You have to report foreign income if:

  • You’re single, filing individually, under 65 years old, and earn over $12,000 per year from other countries
  • You file jointly with your partner and your collective income is over $24,000 per year from other counties

If you’re over 65, file separately from your spouse, or are a widow(er), there are special thresholds that apply to you.

To report your foreign income, you have to submit Form 1040 by April 15th for the previous year. In addition, there are a number of other tax reports you will have to complete and submit to the IRS.


The IRS is interested in the amount of money US citizen holds in foreign bank accounts. If you hold more than $10,000 foreign bank accounts, you will have to report it using the Foreign Bank Account Report (FBAR). If you have more than 1 account or own different financial assets, then the total sum is evaluated.

Even if you don’t own any money in foreign bank accounts, but have authority over such you will be required to submit an FBAR form. For example, if you manage work-related foreign bank account owned by your employer.

Other assets included in the Foreign Bank Account Report:

  • Foreign bank account balances, where the total sum exceeds $10,000
  • Financial account held at a foreign branch of a US bank
  • Stock or securities held in an account at a financial institution outside the US
  • Foreign mutual funds
  • Life insurance or annuity contract issued by a foreign entity

FBAR is merely a statement of your finances and it doesn’t necessarily mean you owe any taxes. But you might.

To submit an FBAR, taxpayers are must to file an electronic FiCen Form 114 by April 15th each year with a possible extension up to October 15th. The information will be submitted to the Department of the Treasury – not the IRS.

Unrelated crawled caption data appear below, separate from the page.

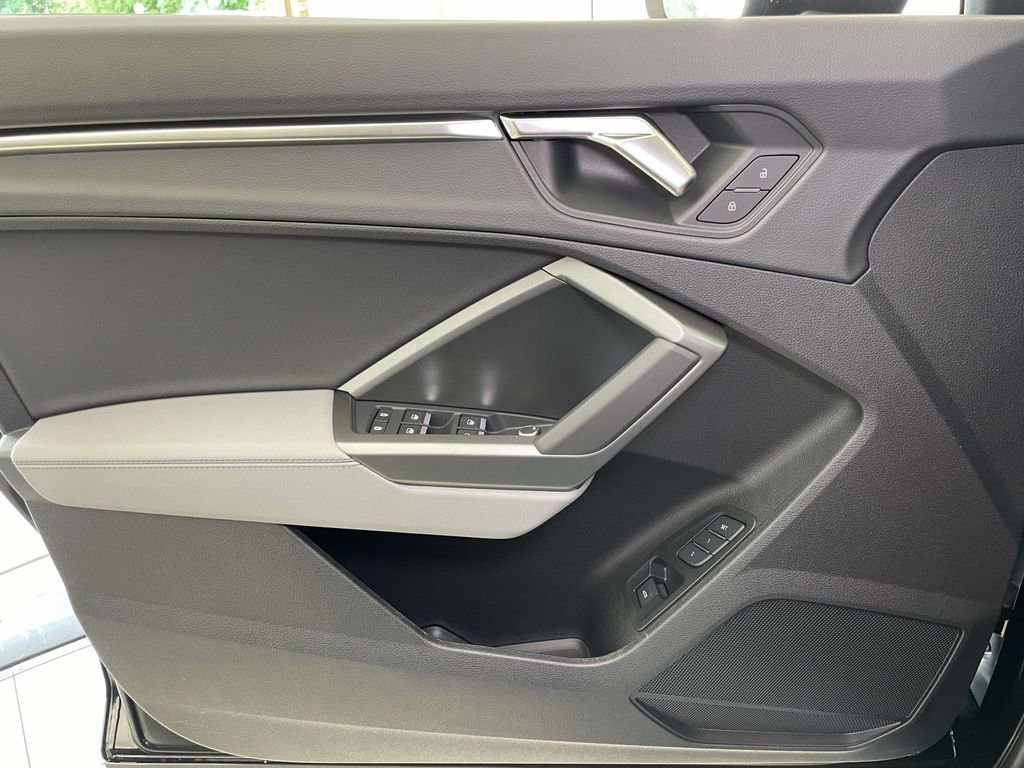 New 2025 Audi Q3 2.0T Premium image 33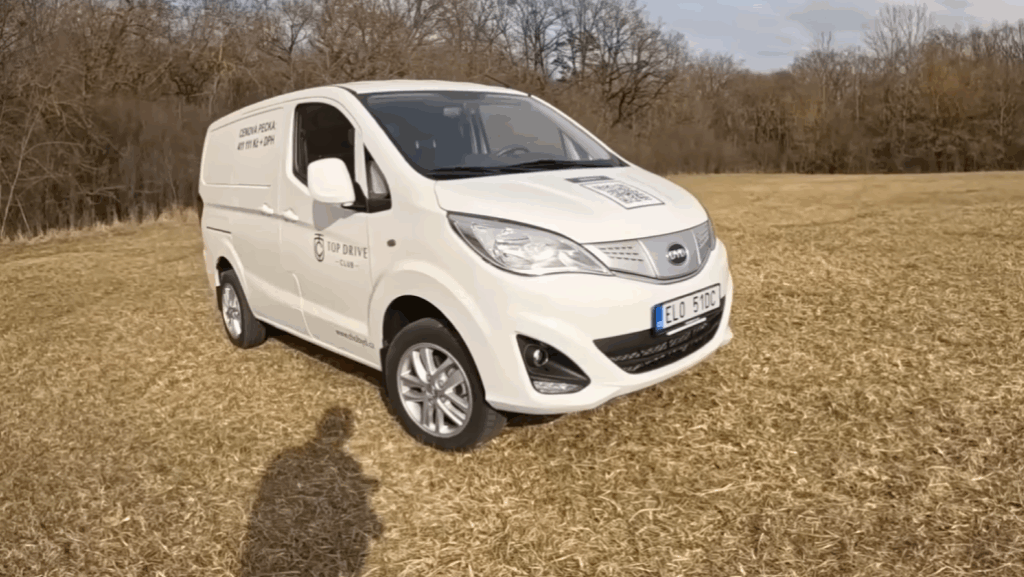 Koncept BYD Racco je miniatúrna elektrická dodávka, ktorá je ideálna do preplnených miest.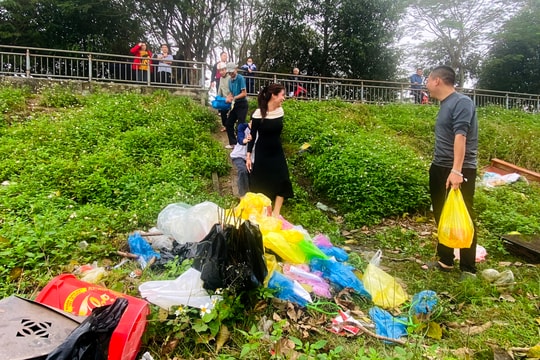 Bao ni lông chất đầy các điểm thả cá chép cúng ông Táo tại TP. Vinh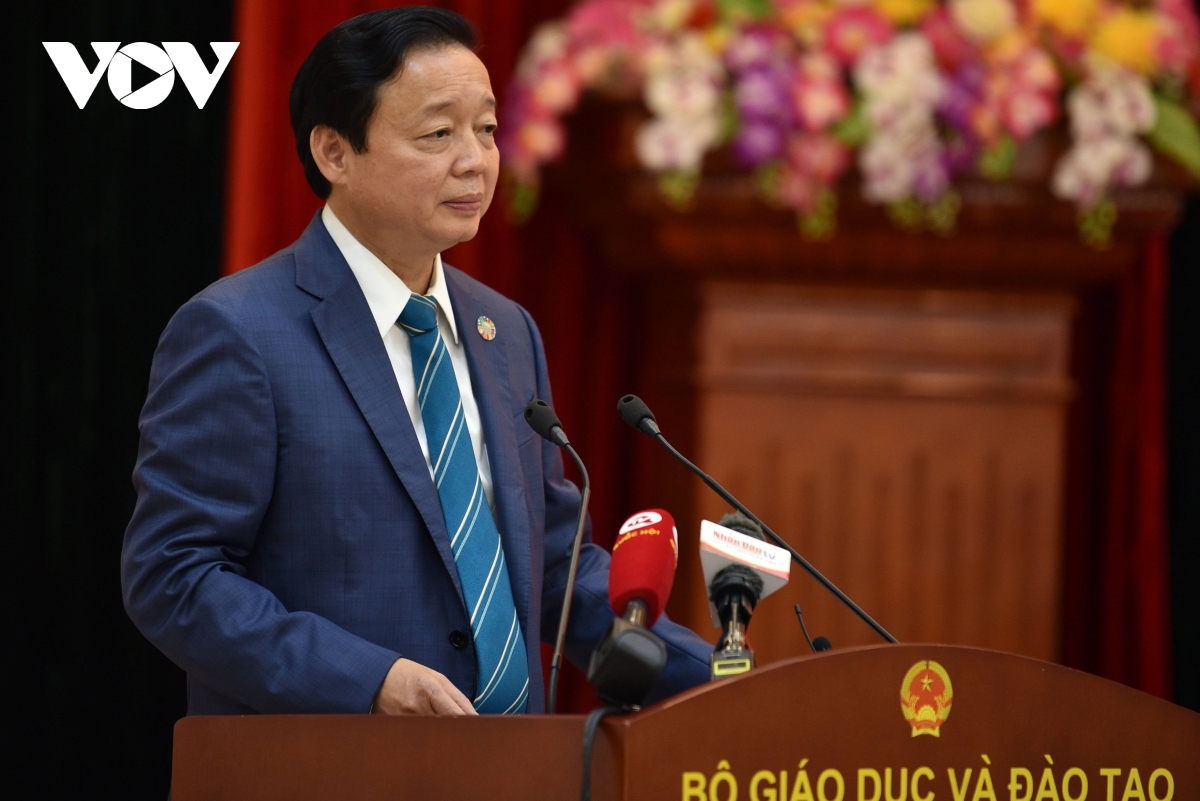 pho thu tuong tran hong ha lam viec voi bo gd-Dt ve nhung van de vuong mac cua nganh hinh anh 3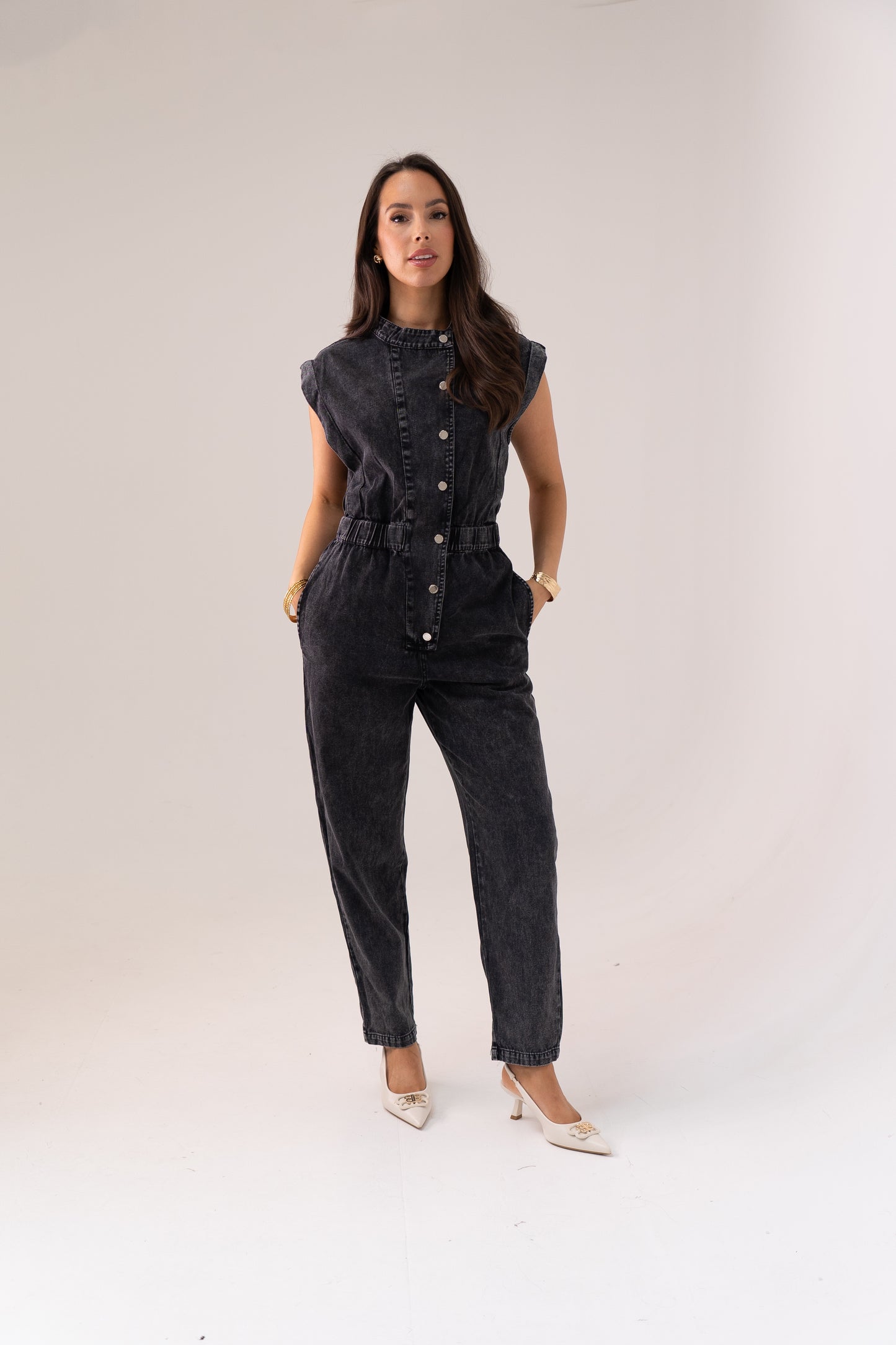 Cora Sleeveless Jumpsuit In Black Wash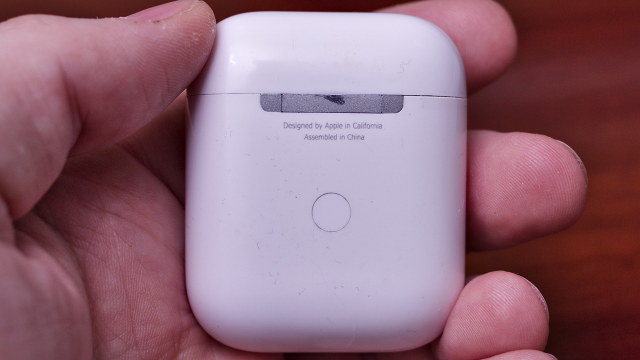 Fake airpods left side best sale not working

If you own sizeable financial assets in foreign bank accounts, there are additional duties to report them to the government. Under the Foreign Account Tax Compliance Act (FATCA), you must also complete and submit Form 8938. This is in addition to Form 1040 and/or FBAR.

The thresholds are different for citizens who live in the US and those living abroad.

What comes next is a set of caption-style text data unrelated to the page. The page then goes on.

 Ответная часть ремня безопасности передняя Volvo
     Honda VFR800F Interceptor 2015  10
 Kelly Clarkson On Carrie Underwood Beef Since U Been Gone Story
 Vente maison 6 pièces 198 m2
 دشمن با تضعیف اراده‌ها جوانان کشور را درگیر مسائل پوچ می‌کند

You must submit a FATCA form if your foreign financial assets are:

  • Valued at $50,000 or more at the end of the tax year
  • Have exceeded $75,000 at any given point during the year
  • AND you live in the USA and file individually
  • Valued at $200,000 or more at the end of the tax year
  • Have exceeded $300,000 at any given point during the year
  • AND you live in a foreign country and file individually

For married couples filing jointly, the thresholds double.

Since 2015, foreign banks also submit data about your financial assets to the IRS. So, the agency is much more likely to catch you cheating than with FBAR filings.


An FBAR is a serious responsibility. Failure to submit the report will result in a 5 or 6-figure fine, depending on the circumstances.

  • If you’ve failed to submit an FBAR simply because you were ignorant of your responsibilities and you had no intention to defraud the government, you will be charged with a fine of $10,000.
  • If the IRS can prove you’ve willfully avoided filing your FBAR, then you will be charged with the larger of $100,000 or 50% of the value of the foreign bank accounts that were not reported.

The agency provides a chance for individuals and businesses to get caught up with their due FBAR submissions. The Streamlined Filing Procedure is available to residents and expats of the US and gives them an opportunity to file all their late paperwork without any consequences. For residents of the US, a fine of 5% over foreign financial assets is applied.

If the IRS catches you first, you lose the ability to use the Streamlined Filing Procedure and will face the full consequences of your actions.